SBA-15 not only possesses primary mesopores, but also micropores within the walls that interconnect the main channels. The presence and relative proportion of these micropores can change the dominant mechanism: from a zeolitic type diffusion in micropores to a faster one in secondary mesopores [65]. Moreover, the interaction energy between adsorbate and surface significantly influences local concentration gradients and overall transport dynamics [66].

The introduction of functional groups significantly alters the mass transport mechanisms in mesoporous materials. Functionalization can either enhance diffusion or promote selective sorption, depending on the nature of the chemical group and the type of interaction with the sorbate. Adding functional groups into SBA-15 modifies the energy interaction between sorbate molecules and pore walls, thereby influencing diffusion mechanisms [20]. For instance, amine groups (–NH₂) increase the adsorption energy of CO₂ via carbamate formation ($E_{ads}$ ≈ 50–80 kJ mol⁻¹), which reduces the effective diffusivity ($D_{eff}$) while enhancing adsorption capacity [19]. Thiol groups (–SH) promote heavy metal (Pb²⁺) adsorption, with surface diffusion coefficients ($D_s$) governed by a thermally activated hopping model [35]. Sulfonate groups (–SO₃H), on the other hand, introduce surface charges that modulate ionic diffusion through electrostatic interactions [12].

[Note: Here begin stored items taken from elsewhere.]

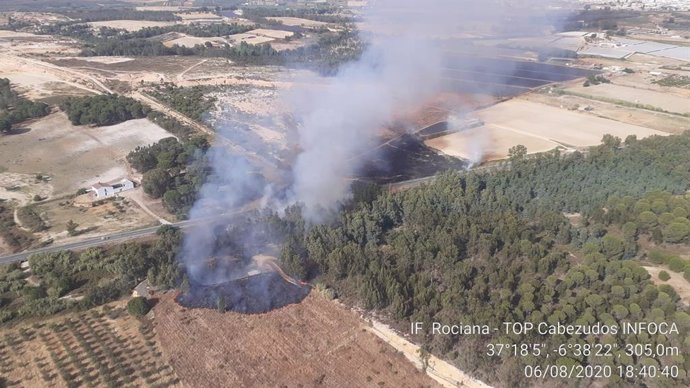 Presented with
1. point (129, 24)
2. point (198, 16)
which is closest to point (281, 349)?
point (129, 24)

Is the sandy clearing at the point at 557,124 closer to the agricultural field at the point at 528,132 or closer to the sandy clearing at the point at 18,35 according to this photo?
the agricultural field at the point at 528,132

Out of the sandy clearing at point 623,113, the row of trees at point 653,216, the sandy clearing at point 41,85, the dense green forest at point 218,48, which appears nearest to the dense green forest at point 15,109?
the sandy clearing at point 41,85

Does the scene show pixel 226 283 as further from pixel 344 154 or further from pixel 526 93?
pixel 526 93

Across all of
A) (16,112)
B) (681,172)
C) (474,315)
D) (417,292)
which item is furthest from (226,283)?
(16,112)

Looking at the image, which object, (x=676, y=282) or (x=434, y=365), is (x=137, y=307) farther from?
(x=676, y=282)

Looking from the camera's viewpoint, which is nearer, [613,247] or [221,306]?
[221,306]

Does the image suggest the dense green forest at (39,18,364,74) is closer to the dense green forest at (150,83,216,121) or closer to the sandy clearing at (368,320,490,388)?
the dense green forest at (150,83,216,121) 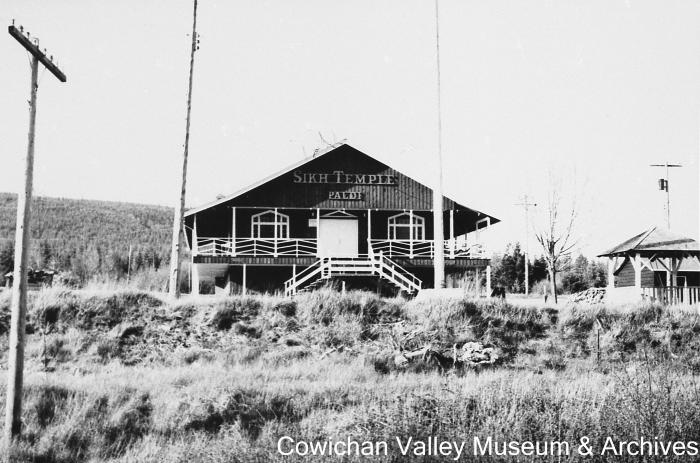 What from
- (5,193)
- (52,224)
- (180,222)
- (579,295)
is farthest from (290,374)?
(5,193)

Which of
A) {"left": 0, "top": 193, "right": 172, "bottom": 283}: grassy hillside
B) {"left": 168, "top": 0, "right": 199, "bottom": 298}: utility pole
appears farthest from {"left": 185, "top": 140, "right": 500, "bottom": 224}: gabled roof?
{"left": 0, "top": 193, "right": 172, "bottom": 283}: grassy hillside

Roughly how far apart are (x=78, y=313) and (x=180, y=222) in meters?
7.00

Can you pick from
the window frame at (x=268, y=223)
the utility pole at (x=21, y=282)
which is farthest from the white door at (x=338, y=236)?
the utility pole at (x=21, y=282)

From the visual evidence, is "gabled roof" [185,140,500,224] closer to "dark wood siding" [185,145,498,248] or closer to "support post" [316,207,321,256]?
"dark wood siding" [185,145,498,248]

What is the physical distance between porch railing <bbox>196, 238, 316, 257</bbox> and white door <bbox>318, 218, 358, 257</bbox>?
1.73ft

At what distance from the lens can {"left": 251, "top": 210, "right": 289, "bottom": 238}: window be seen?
108ft

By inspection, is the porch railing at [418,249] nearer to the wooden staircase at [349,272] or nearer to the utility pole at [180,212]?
the wooden staircase at [349,272]

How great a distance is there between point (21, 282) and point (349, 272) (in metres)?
18.0

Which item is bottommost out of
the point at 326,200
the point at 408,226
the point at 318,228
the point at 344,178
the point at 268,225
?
the point at 318,228

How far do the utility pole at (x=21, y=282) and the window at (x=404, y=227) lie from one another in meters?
21.9

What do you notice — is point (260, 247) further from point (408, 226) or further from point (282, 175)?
point (408, 226)

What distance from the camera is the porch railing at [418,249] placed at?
104 ft

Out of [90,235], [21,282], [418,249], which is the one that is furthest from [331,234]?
[90,235]

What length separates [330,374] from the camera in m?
16.6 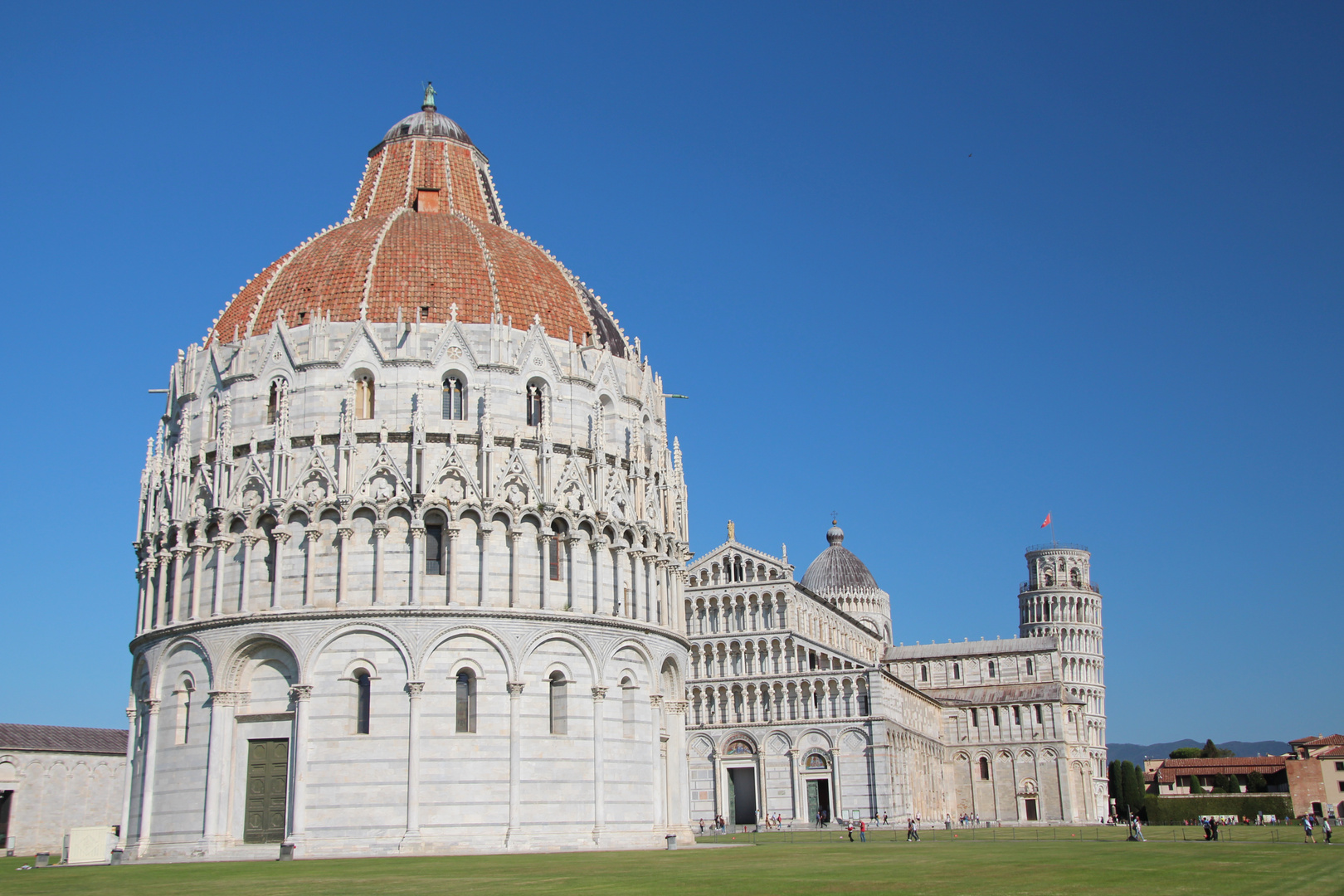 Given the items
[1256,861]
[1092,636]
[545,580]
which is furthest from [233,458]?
[1092,636]

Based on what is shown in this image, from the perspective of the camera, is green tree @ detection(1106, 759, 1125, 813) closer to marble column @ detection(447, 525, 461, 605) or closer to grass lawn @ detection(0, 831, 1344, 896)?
grass lawn @ detection(0, 831, 1344, 896)

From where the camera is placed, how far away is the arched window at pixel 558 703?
4619 centimetres

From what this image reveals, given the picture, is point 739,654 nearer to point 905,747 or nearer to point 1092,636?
point 905,747

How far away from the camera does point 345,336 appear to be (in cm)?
4831

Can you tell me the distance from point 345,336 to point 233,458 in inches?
232

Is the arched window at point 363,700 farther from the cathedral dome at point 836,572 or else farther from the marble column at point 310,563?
the cathedral dome at point 836,572

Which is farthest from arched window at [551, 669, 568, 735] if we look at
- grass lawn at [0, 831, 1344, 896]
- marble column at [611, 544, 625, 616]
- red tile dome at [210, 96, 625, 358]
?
red tile dome at [210, 96, 625, 358]

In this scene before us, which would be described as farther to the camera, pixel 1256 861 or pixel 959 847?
pixel 959 847

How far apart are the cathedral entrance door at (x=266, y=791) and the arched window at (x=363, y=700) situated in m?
2.58

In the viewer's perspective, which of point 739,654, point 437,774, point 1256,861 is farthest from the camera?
point 739,654

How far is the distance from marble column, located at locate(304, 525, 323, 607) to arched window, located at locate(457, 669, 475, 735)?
18.4ft

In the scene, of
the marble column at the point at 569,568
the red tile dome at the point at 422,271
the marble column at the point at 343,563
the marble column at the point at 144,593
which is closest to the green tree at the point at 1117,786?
the red tile dome at the point at 422,271

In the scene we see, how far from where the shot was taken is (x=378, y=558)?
44750 millimetres

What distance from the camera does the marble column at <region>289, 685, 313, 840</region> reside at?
42844mm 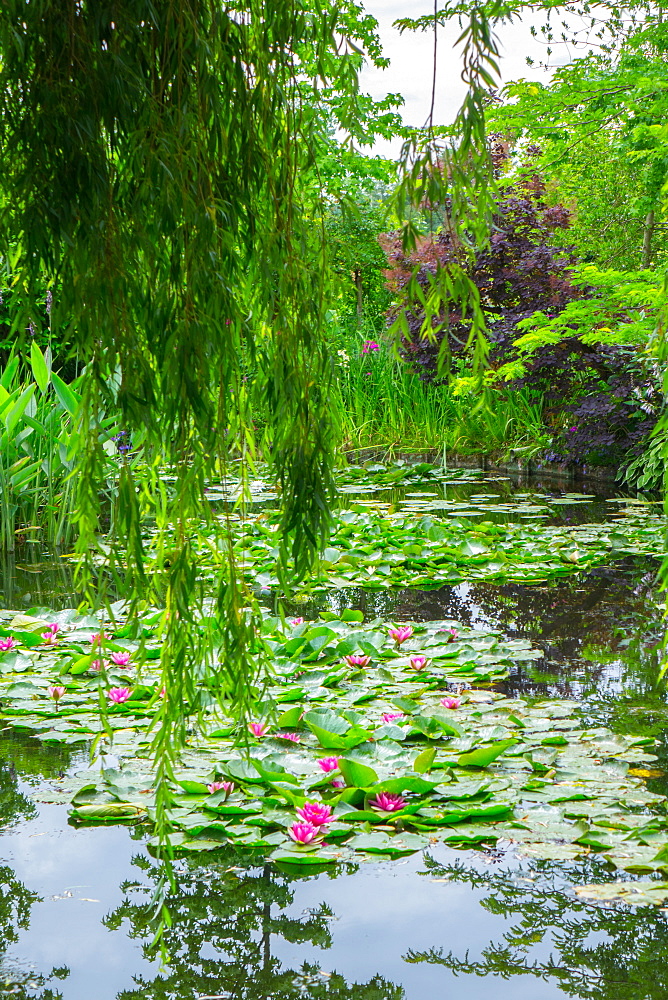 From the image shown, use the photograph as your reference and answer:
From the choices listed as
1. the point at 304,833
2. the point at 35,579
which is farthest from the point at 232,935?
the point at 35,579

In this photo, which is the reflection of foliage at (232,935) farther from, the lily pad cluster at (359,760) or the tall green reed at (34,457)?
the tall green reed at (34,457)

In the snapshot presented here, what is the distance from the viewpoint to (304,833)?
196 centimetres

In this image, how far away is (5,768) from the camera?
2.43 meters

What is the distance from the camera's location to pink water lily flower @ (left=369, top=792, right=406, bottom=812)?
2.10m

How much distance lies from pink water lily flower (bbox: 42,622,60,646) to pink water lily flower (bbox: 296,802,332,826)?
169cm

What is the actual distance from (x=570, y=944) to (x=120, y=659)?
196cm

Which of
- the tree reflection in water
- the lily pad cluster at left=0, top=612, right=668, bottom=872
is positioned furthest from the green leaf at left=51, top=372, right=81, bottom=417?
the tree reflection in water

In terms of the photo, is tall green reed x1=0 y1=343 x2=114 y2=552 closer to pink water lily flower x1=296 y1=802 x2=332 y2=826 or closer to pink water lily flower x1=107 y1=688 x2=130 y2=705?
pink water lily flower x1=107 y1=688 x2=130 y2=705

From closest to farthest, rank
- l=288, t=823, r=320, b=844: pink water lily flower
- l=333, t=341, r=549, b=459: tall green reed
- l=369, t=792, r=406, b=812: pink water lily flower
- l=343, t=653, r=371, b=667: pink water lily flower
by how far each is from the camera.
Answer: l=288, t=823, r=320, b=844: pink water lily flower
l=369, t=792, r=406, b=812: pink water lily flower
l=343, t=653, r=371, b=667: pink water lily flower
l=333, t=341, r=549, b=459: tall green reed

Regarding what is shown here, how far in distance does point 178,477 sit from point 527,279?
294 inches

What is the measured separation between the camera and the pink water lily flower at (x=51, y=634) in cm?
340

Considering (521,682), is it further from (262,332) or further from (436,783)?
(262,332)

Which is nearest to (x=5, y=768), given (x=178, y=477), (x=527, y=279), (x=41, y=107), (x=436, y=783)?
(x=436, y=783)

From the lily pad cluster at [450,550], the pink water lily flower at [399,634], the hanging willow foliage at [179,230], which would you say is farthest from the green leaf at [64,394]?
the hanging willow foliage at [179,230] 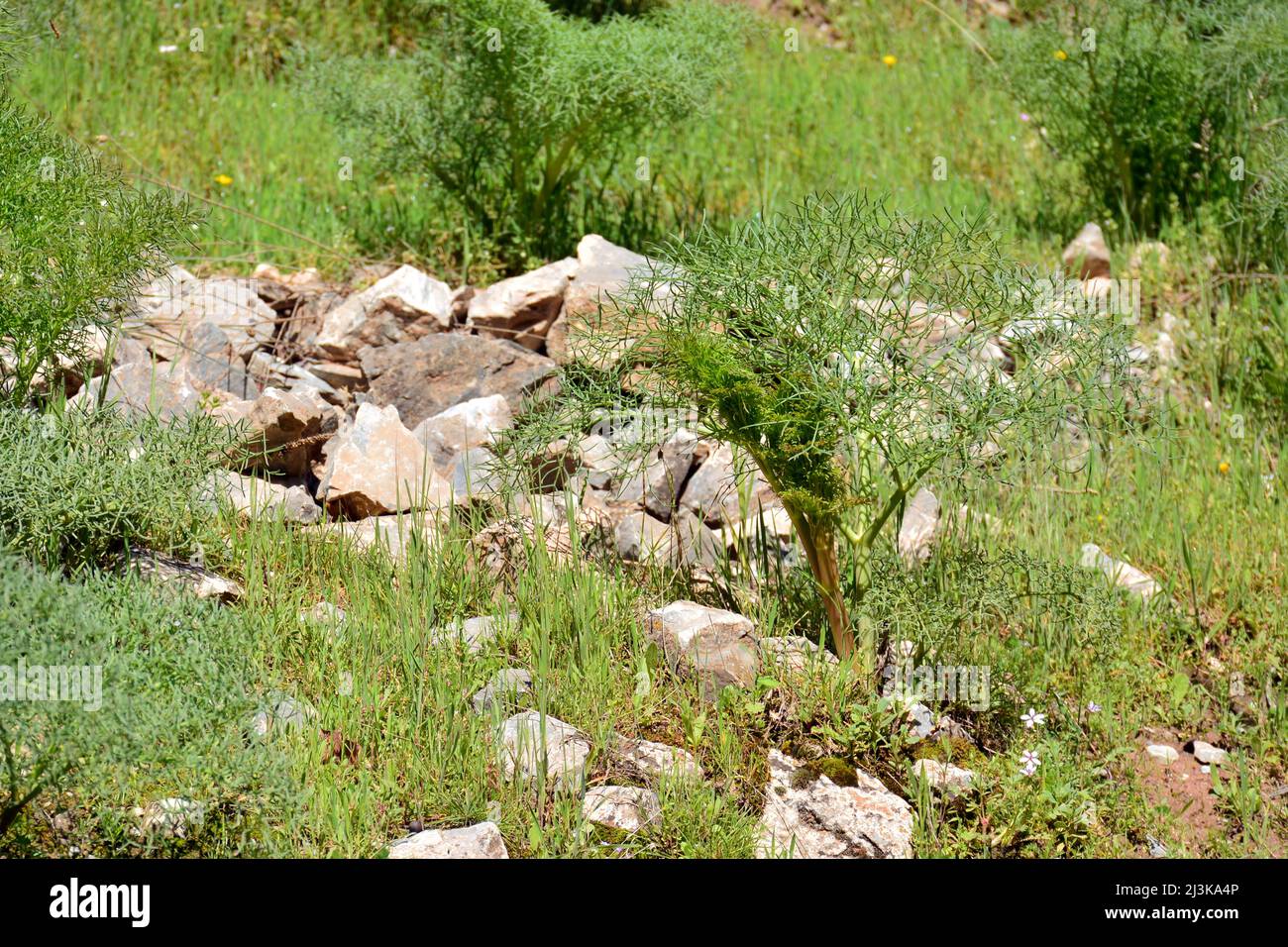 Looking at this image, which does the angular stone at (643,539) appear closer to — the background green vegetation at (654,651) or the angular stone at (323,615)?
the background green vegetation at (654,651)

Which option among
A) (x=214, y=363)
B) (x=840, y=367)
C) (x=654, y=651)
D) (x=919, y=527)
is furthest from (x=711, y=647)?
(x=214, y=363)

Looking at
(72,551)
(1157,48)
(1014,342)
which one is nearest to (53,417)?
(72,551)

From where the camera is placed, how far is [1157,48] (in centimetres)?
649

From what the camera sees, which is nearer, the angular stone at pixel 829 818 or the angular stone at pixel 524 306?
the angular stone at pixel 829 818

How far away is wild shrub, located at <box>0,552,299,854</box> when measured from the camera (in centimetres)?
261

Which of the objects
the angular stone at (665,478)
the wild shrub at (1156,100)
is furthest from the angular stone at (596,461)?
the wild shrub at (1156,100)

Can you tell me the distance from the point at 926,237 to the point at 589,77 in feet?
7.84

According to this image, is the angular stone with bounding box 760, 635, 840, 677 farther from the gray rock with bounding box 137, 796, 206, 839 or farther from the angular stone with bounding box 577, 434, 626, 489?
the gray rock with bounding box 137, 796, 206, 839

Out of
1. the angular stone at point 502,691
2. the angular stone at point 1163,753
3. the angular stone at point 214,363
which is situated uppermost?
the angular stone at point 214,363

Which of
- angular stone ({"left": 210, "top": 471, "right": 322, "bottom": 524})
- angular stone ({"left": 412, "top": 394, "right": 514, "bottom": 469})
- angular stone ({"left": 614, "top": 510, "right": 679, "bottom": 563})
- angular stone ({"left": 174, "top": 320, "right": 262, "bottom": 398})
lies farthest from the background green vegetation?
angular stone ({"left": 174, "top": 320, "right": 262, "bottom": 398})

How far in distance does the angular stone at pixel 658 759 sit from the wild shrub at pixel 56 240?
2.02 metres

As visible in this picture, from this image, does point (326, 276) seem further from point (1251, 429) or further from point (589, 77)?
point (1251, 429)

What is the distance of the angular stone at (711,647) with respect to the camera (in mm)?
3525

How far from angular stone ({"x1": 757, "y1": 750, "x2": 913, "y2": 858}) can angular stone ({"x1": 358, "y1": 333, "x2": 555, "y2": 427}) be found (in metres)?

4.1.1. Molecular Diffusion (Fickian)

In pores larger than 10 nm and under low-pressure conditions (P < 1 atm), mass transport follows Fick’s law, which predominates when the pore diameter ($d_p$) is significantly greater than the molecular mean free path (λ) for $\lambda \gg d_p$ (pore diameter between 0.5 and 2 nm versus pores of 5 to 10 nm). In this regime, collisions between diffusing molecules are dominant over interactions with the pore walls, and the mass flux is described by:

$$\overrightarrow{j}=-D_m\nabla C$$

(1)

When modeling transport within a cylindrical pore such as the pure SBA-15 channels (with pores > 10 nm and at moderate pressures), the diffusion equation must be formulated in cylindrical coordinates ($r,\varnothing ,z$). In cases with axial symmetry and no angular or axial dependence, the one-dimensional Fick is [57,61]:

Volumetric transport equation [57]:

$${\displaystyle \frac{\partial C(r,t)}{dt}}=D_{eff}\left({\displaystyle \frac{{\partial }^{2}C}{{\partial r}^2}}+{\displaystyle \frac{1}{r}}{\displaystyle \frac{\partial C}{\partial r}}\right)$$

(2)

4.1.2. Knudsen Diffusion

When the mean free path is comparable to or greater than the pore diameter is $\lambda \ge d_p$. E In this regime, collisions between molecules are rare and most collisions occur against the channel wall, generating more restricted transport [64]. This regime is relevant for CO₂ capture at low pressures [20,67]. The Knudsen coefficient $D_k$ is defined as:

$$D_k={\displaystyle \frac{d_p}{3}}\sqrt{{\displaystyle \frac{8RT}{\pi M}}}$$

(3)

4.1.3. Combined Diffusion: Bosanquet Model

When both regimes coexist, which is common in functionalized SBA-15 operating at ambient conditions, the transport can be described by a Bosanquet resistance model (4). Transport in the channel volume is dominated by two mechanisms acting in parallel: Knudsen diffusion ($D_k$) and free-phase molecular diffusion ($D_m$) [57]. The overall effective diffusion coefficient ($D_v$) is described as:

$$D_v={\left({\displaystyle \frac{1}{D_k}}+{\displaystyle \frac{1}{D_m}}\right)}^{-1}$$

(4)

Molecular diffusion:

$$D_m={\displaystyle \frac{1}{3}}\lambda \overline{v}, \overline{v}=\sqrt{{\displaystyle \frac{8RT}{\pi M}}}$$

(5)

4.1.4. Surface Diffusion

Surface diffusion occurs when adsorbed molecules migrate laterally between active sites along the internal pore surface, typically via van der Waals or hydrogen bonding [60].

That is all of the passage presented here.